3. Food: All statutory powers must be stripped away from the “moatzot yetzur,” the state-protected “production councils” in the food industry, in order to bring about true competition and bring down food prices.
These behemoth, archaic cartels were established by the Kibbutz Movement, which still holds significant sway in the Labor Party.
4. Legal advisers: Ministers must be allowed to choose their own legal advisers.
The role of the attorney-general and ministry legal advisers must be redefined so that their advice is advice, not a ruling that binds the hands of elected officials. Moreover, the role of the attorney-general and the Justice Ministry High Court department should be required to represent the government and its agencies in court according to the interests of their clients, as is the case in the US and other democracies. Labor (and especially its new Zionist Union ally, former justice minister Tzipi Livni) opposes these essential reforms.
5. Prosecution: The roles of the attorney- general and the state attorney should be split, so that the attorney-general can’t use the threat of prosecution as leverage against elected officials. Past Labor governments rejected this, even though many prominent legal experts are in favor of the change.
6. Courts: The way judges are appointed needs to be changed so that sitting judges don’t appoint their own successors. Only Israel has such a convoluted and inherently corrupting method of appointing judges. Livni blocked any judicial reforms in previous governments.
7. Religious identity: Moves to legally recognize non-Orthodox (“alternative”) forms of Jewish marriage and divorce must be blocked, in order to maintain the essential legal and halachic unity of Jewish identity in Israel, and to avoid the Jewish identity disorder that has befallen the Diaspora. I’m in favor of significant reforms of the “Rabbinocacy” (the Chief Rabbinate bureaucracy), and supportive of the conversion reforms passed in the last Knesset session. But stripping the rabbinate of its official monopoly in conversion- marriage-divorce would be ruinous.
Unfortunately, Labor leaders want to dismantle the official rabbinate.
8. National identity: It is time to rebuild a correct, delicate balance between Israel’s democratic character and its Jewish character. Unfortunately, no such balance exists in practice, because Israel’s Jewish character, unlike its democratic character, is not anchored in any Basic Law.
Consequently the courts have ruled in an unbalanced way on a variety of statutes and government policies involving Israel’s Jewish character. The Likud’s proposed Basic Law: Israel as the Nation State of the Jewish People is intended to address this asymmetry and to encourage a more sophisticated legal discourse regarding the tension between universal and national/ Jewish considerations.
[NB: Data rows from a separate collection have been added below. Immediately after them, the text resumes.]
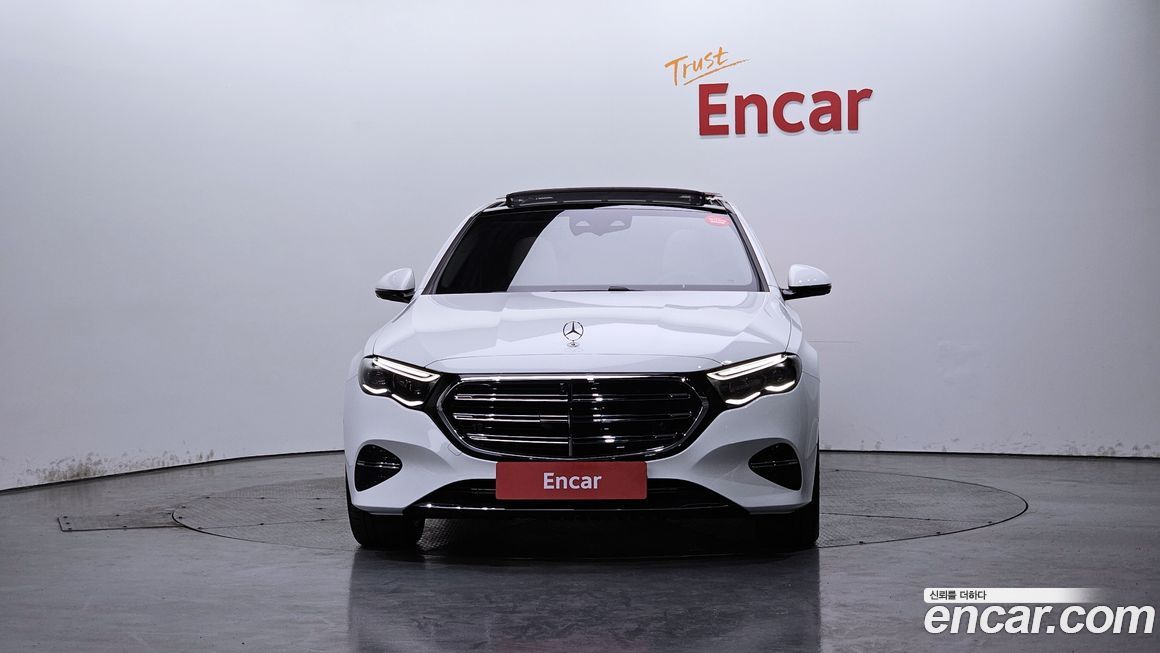 Mercedes-Benz E-Class 2025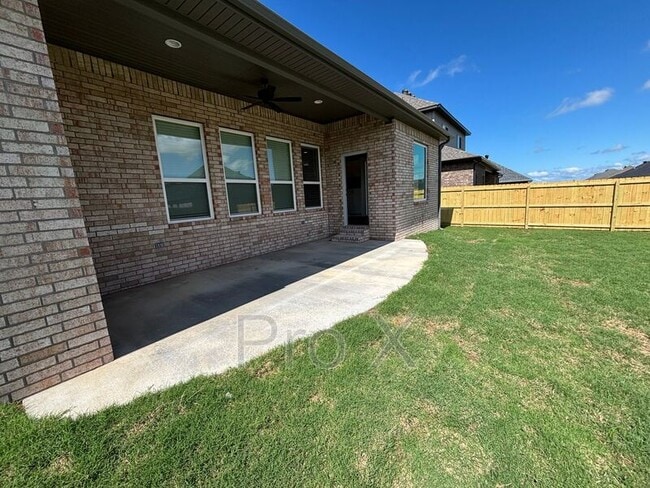 Building Photo - 1431 Overcup Oak Ln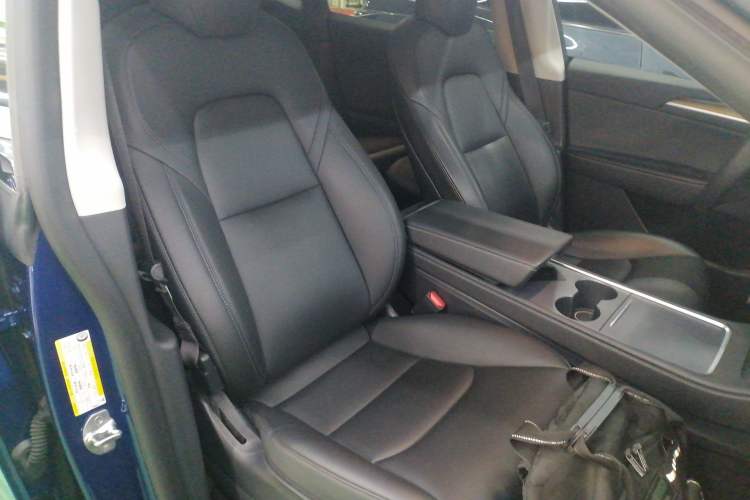 Used Tesla Model Y 2021 Long-Range All-Wheel-Drive Version 3D7
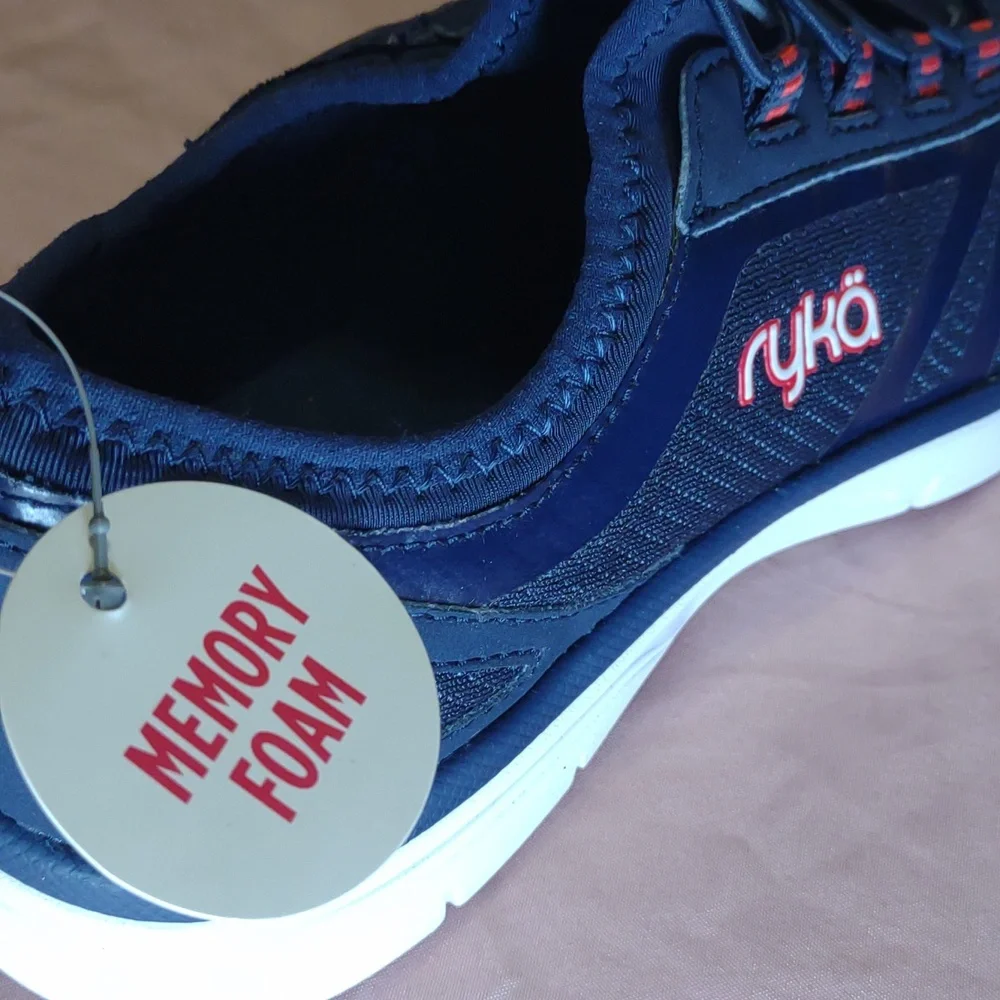 👣Memory foam Ryko sneaker U.S. Size 6.5 Medium no box Women's footwear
Labor and Livni are opposed.
9. Jerusalem: The new government must act with alacrity to strengthen Israel’s sovereignty in Jerusalem via a wide range of actions: investment in development of the eastern (mostly Arab) part of the city; a concomitant security crackdown on troublemakers in eastern Jerusalem; massive building of homes on the periphery of Jerusalem (including in Givat Hamatos, Har Homa and the E-1 corridor toward Ma’aleh Adumim); and a reinvigorated Jewish presence on the Temple Mount including Jewish prayer rights. Labor will be shy, at best, about assertion of these fundamental rights and national goals.
10. Defense: The military budget must be significantly increased to meet the challenges of Iran and the Islamic winter, and prepare for sustained ground warfare in Lebanon and Gaza, along with the expected massive missile attacks on the Israeli home front. Labor’s wild election season promises to hand out cash and subsidies to just about every weak sector in society would prevent a Labor-associated government from truly boosting the defense budget. And would Labor back a strike on Iran? In short, Netanyahu should live up to his electoral promise to form a conservative- nationalist government that will truly govern with a clear direction, leaving Labor to play an important role on behalf of Israeli democracy in the opposition.